Yukarıda sıraladığımız olaylar uç durum örnekleri gibi görünse de aslına bakacak olursak gerekli önlemlerin alınması ile önüne geçilebilecek durumlardı. 10 Mart 2021 tarihli olay üzerinden önceki durum ile şimdiki durumu karşılaştırarak ne demek istediğimizi açıklayalım. Diyarbakır’da çalıştığım yıllarda taşıma ile gelen öğrencilerin kumanyalarını ve geldikleri araçları en az bir öğretim yılında dört, beş defa denetlerdik. Bu denetimler sabah daha servis araçları okula gelmeden başlardı. Taşıma yapılan okul servis aracı zamanında geliyor mu, servis aracında öğrenci dışındaki kimselerin taşıması yapılıyor mu, idareci ve öğretmenler bu konudaki görevlerini yapıyorlar mı, servis aracında fazla öğrenci taşınıyor mu (taşıması gereken öğrenciyi başka servise devredenler olabiliyordu), servisi araçlarının muayenesi yapılmış mı, sigortası var mı, şoför aracın şoförü mü yoksa sağdan soldan bulunan biri mi, kumanyaların gramajı tam mı ve hijyen kurallarına riayet ediliyor mu gibi “önemsiz” hususlara bakardık.

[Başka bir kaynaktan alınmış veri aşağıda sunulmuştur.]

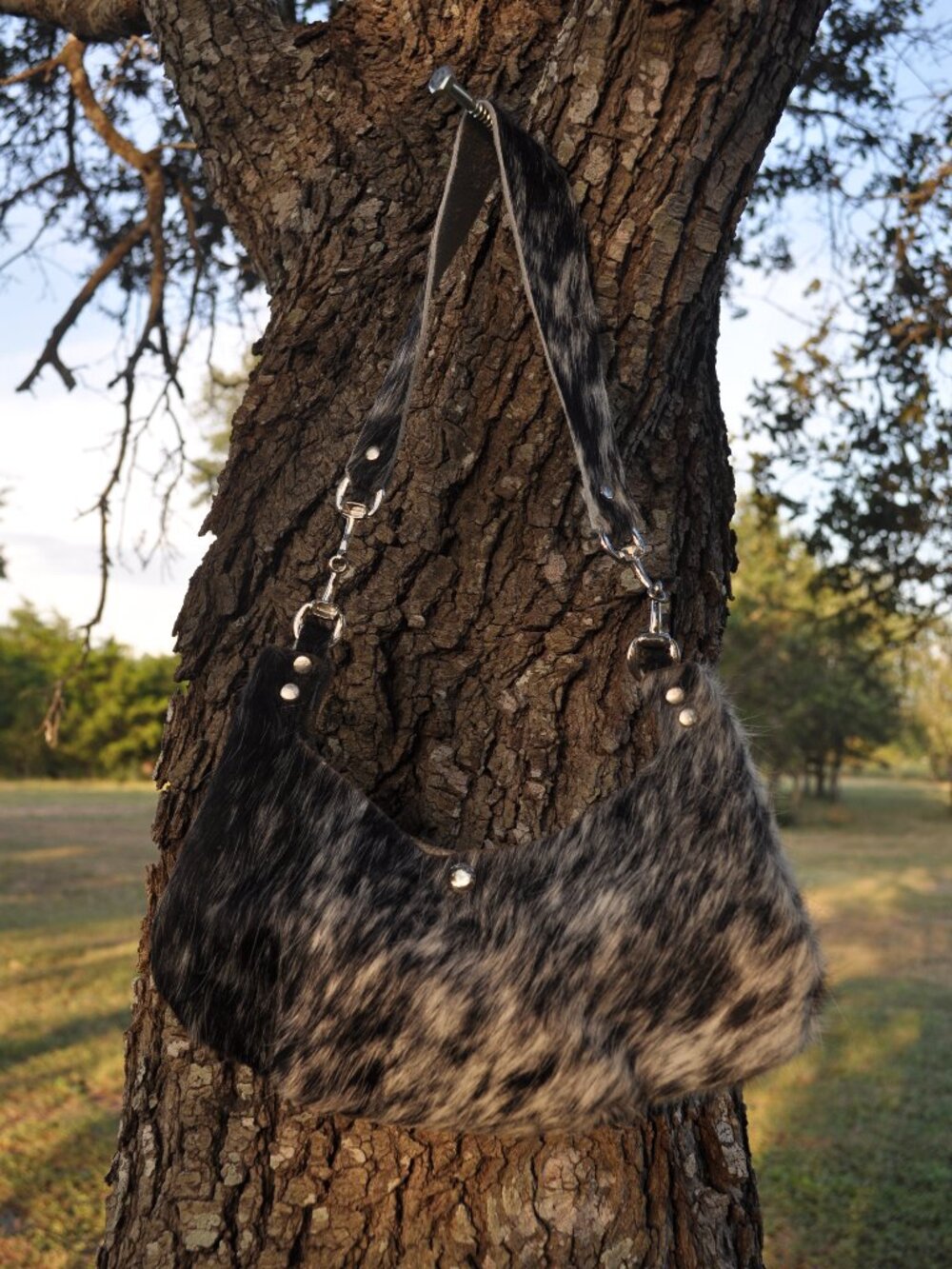 🖤🤍 Handmade "Cookies & Cream" Cowhide Purse | Genuine Leather | One of a Kind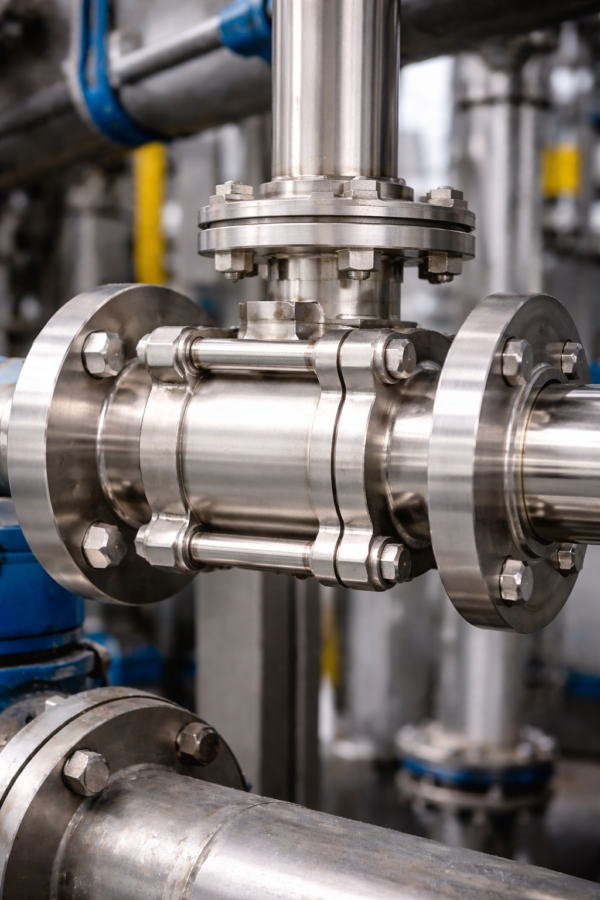 Ball Valve Failure Analysis in a Chemical Plant 4 New SS316 3-piece flanged ball valve installed in chemical plant pipeline after replacement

Okul müdürlerinin diş geçirmekte zorlandığı servis şoförlerini ve ihaleyi alan firmayı ciddi bir şekilde uyarır gerekirse soruşturma açardık. (Yukarıdaki olayda okul müdürü ne yapabilir. İlçeye şikâyet etse başı ağrır ayrıca servis şoförlerinin açık hedefi haline gelir.) Müfettişten aldığı güçle birçok okul müdürü bu konudaki sorunları kısa sürede çözerdi. Şimdi soruyorum size; yukarıdaki olayda 26 kişinin 14 kişilik servis aracına binmesinin sorumlusu okul idaresi demek ne kadar doğru? İhaleyi alan firmanın, aracın şoförünün, öğrenci servisi olduğunu bildikleri halde araca binenlerin, durumu görüp ilgili makamlara şikâyette bulunmayanların, denetim görevini ihmal edenlerin ve en önemlisi okulları denetimsiz bıraktıranların hiç mi suçu yok.